◆ **WHAT IS REQUIRED**
Reproduce every line of the listing as written, apart from the pictures.

◆ **DATA BLOCK**
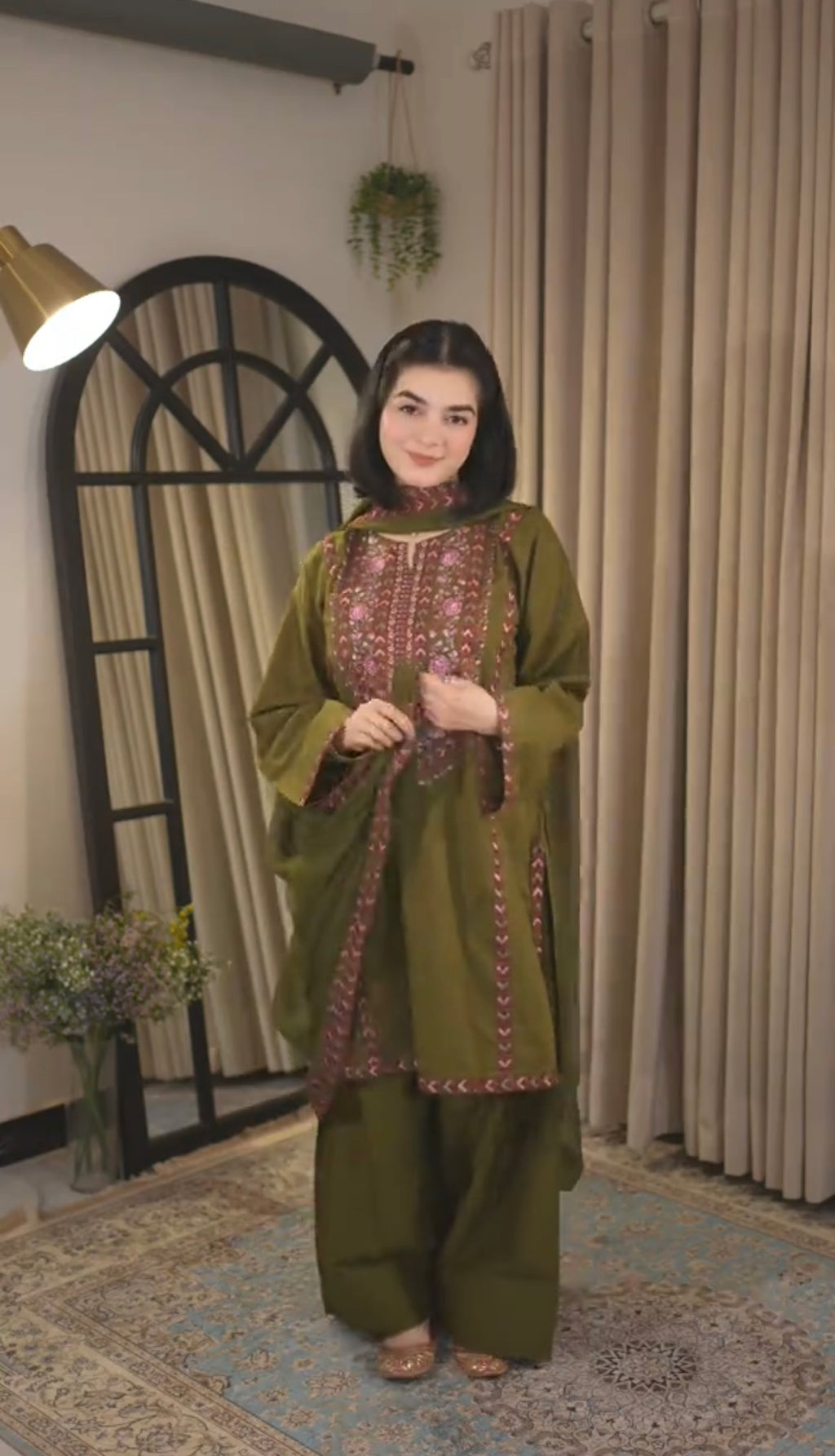 Elegant 3 Piece Stitched Eid Dress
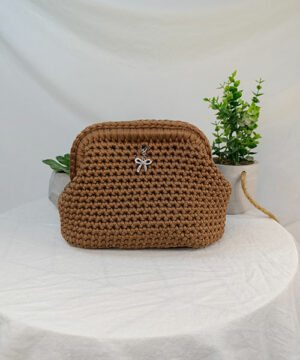 sac crochet mona marron takiri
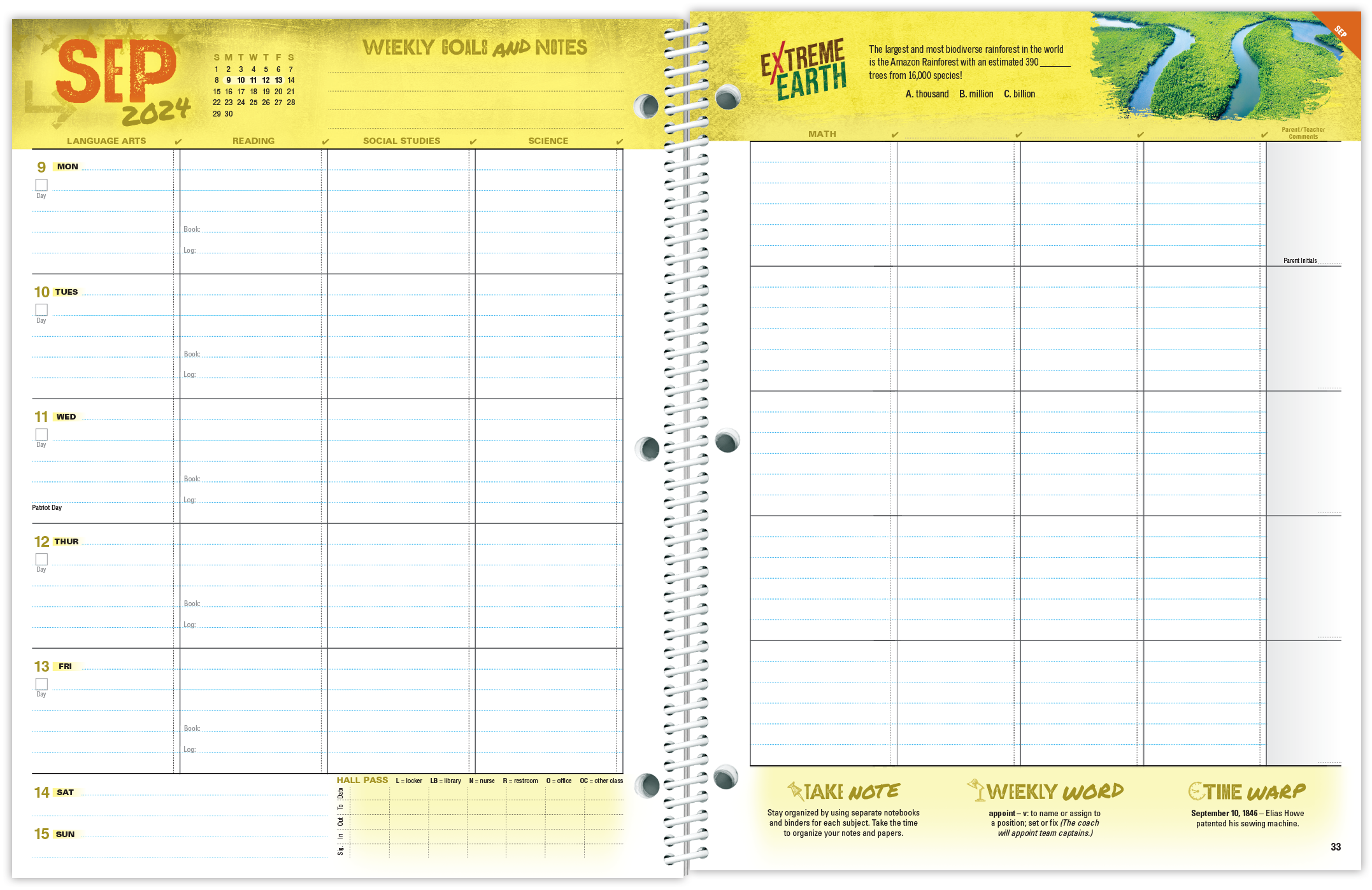 Middle School Student Planner Features amp Pricing School Mate Worksheets Library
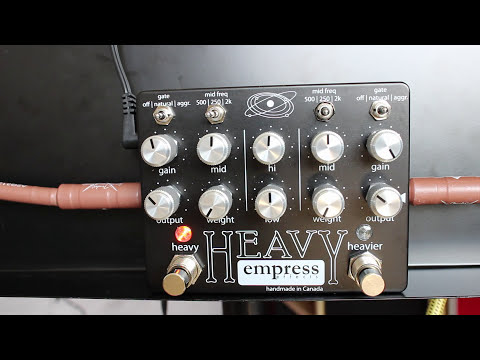 Empress Effects Heavy | brutal dual-channel distortion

◆ **SOLUTION FOR THIS TASK**
 Elegant 3 Piece Stitched Eid Dress
 sac crochet mona marron takiri
 Middle School Student Planner Features amp Pricing School Mate Worksheets Library
 Empress Effects Heavy | brutal dual-channel distortion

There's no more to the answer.